### Data extract
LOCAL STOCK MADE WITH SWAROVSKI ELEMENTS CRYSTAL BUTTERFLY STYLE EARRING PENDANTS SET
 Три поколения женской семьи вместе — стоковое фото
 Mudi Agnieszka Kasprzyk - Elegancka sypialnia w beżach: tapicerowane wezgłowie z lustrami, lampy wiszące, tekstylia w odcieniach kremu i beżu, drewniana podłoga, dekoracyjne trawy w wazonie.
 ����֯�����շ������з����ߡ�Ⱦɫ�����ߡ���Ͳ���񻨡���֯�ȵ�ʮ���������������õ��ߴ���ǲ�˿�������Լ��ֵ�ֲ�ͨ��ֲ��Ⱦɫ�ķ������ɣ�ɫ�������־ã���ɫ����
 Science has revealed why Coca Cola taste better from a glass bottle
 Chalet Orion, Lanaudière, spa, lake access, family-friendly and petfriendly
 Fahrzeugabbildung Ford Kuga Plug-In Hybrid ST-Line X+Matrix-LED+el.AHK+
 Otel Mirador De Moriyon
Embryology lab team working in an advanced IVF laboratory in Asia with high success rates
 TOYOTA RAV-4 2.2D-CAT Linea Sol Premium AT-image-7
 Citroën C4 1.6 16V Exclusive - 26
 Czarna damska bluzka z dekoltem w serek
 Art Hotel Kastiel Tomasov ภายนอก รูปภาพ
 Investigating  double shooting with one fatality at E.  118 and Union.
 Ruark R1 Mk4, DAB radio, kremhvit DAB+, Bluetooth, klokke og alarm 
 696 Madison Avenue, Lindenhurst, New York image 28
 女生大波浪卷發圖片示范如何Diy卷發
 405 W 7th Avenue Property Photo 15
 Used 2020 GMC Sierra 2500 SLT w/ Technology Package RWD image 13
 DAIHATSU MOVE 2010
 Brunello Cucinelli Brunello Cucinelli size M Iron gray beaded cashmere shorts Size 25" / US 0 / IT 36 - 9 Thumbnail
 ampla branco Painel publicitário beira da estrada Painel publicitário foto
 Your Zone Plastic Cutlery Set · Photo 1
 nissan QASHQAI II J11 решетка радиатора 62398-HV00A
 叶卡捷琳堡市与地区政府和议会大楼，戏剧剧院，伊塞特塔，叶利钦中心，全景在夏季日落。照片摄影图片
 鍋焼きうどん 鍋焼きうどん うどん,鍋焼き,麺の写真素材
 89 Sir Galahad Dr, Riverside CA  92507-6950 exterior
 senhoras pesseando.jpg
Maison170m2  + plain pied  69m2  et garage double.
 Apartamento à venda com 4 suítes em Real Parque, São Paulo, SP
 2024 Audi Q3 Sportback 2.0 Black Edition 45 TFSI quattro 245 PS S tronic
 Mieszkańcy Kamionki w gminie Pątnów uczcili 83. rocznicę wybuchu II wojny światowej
######
Required action >>
Will you return exactly the lines above from the one with "Chalet Orion, Lanaudière, spa, lake" down to the one with "女生大波浪卷發圖片示范如何Diy卷發", counting both as part of the range?

Solution to this problem >>
 Chalet Orion, Lanaudière, spa, lake access, family-friendly and petfriendly
 Fahrzeugabbildung Ford Kuga Plug-In Hybrid ST-Line X+Matrix-LED+el.AHK+
 Otel Mirador De Moriyon
Embryology lab team working in an advanced IVF laboratory in Asia with high success rates
 TOYOTA RAV-4 2.2D-CAT Linea Sol Premium AT-image-7
 Citroën C4 1.6 16V Exclusive - 26
 Czarna damska bluzka z dekoltem w serek
 Art Hotel Kastiel Tomasov ภายนอก รูปภาพ
 Investigating  double shooting with one fatality at E.  118 and Union.
 Ruark R1 Mk4, DAB radio, kremhvit DAB+, Bluetooth, klokke og alarm 
 696 Madison Avenue, Lindenhurst, New York image 28
 女生大波浪卷發圖片示范如何Diy卷發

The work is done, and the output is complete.